No cenário da polaridade política no Brasil, uma discussão esquentou a semana: a indicação do filme “Democracia em Vertigem”, dirigido por Petra Costa, ao Oscar de Melhor Documentário junto com outros quatro concorrentes. As discussões não põem em xeque a qualidade técnica do documentário. O que se destaca é a discussão ferrenha sobre a narrativa adotada pela diretora, elemento que desencadeia provocações que incendeiam o debate entre a direita e a esquerda.

O filme de Petra tem o mérito de registrar um período importante da história recente do Brasil, de 2013 para cá, incluindo o impeachment da presidente Dilma Rousseff. Os que criticam o filme argumentam que não pode ser considerada como documentário uma narrativa que privilegia a visão da diretora, insistem que não há fidelidade aos fatos, mas uma leitura do que ocorreu. Críticos experientes contrapõem este argumento ao declarar que os documentários podem, sim, trazer uma visão autoral, para eles um documentário não segue as normas do jornalismo que deve se ater estritamente aos fatos, mas representa uma leitura dos fatos.

Quase todos concordam que o filme é bem feito. Mas há críticas pelo fato da diretora ter alterado uma fotografia que de dois militantes mortos pela repressão em São Paulo, num episódio que ficou conhecido como Chacina da Lapa. A diretora eliminou duas armas que apareciam na cena do crime sem avisar o espectador da adulteração, mas tem a seu favor o argumento de que aquelas armas foram 'plantadas' junto aos cadáveres pela polícia, fato que justifica que a “fake news” é anterior ao filme que apenas corrigiu uma mentira. A própria Comissão da Verdade, que julgou os crimes da ditadura, trouxe evidências de que a polícia 'plantou' as armas, fato comum em episódios do período.

No meu ponto de vista, “Democracia em Vertigem” tem o mérito de mostrar as relações de poder contaminadas sempre pelas mesmas figuras, como o ex-senador Magno Malta, que foi cabo eleitoral de Dilma e depois ajudou a eleger Jair Bolsonaro – sendo rejeitado após a eleição pelo presidente, não tendo assumido nenhum cargo.
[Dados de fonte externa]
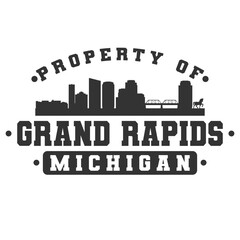 Grand Rapids, MI, USA City Varsity Skyline. A Logotype Sports College and University Style. Illustration Design Vector Emblem.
Isso evidencia que as mesmas figuras rondam diferentes grupos políticos, com eles fazem alianças, até depois serem ejetados dos círculos que apoiam por alguma razão. Esse comportamento mostra a mesmice da história.

De minha parte, não gosto da narração em primeira pessoa adotada pela cineasta em “Democracia em Vertigem”, a voz não ajuda, soa monocórdica, chega a entediar o espectador. Também não gosto do tom panfletário, mas isso é problema geral dos documentários políticos – à esquerda e à direita. Todos adotam o mesmo tom, figurando mais como uma peça de convencimento dos fatos do que um registro histórico que requer uma visão crítica ...para ser uma visão histórica.

Mas considero o filme uma boa peça de resistência no momento em que precisamos defender o cinema brasileiro de ataques que têm por finalidade a censura de temas considerados indigestos pelo governo. As indicações para a composição da nova diretoria da Ancine sinalizam grossos filtros de censura daqui para a frente. No mais, gostando ou não, trata-se de um documentário brasileiro no Oscar e isso tem valor.

Além deste documentário, o Brasil também será representado por “Dois Papas”, baseado na obra do neozelandês Anthony McCarten e dirigido pelo brasileiro Fernando Meirelles. Um produto híbrido maravilhoso que ainda traz dois atores estrangeiros - Anthony Hopkins e Jonathan Pryce – que dão um banho de interpretação. O filme concorre nas categorias de Melhor Ator (Jonathan Pryce), Melhor Ator Coadjuvante (Anthony Hopkins) e Melhor Roteiro Adaptado.

O fato é que no dia da entrega do Oscar, 9 de fevereiro, quem gosta de cinema estará em casa, roendo as unhas e comendo pipocas, torcendo para que o País brilhe em Los Angeles. O importante é que o Brasil está lá, entre os melhores. Quanto ao Oscar do bate-boca político, com certeza, já é nosso.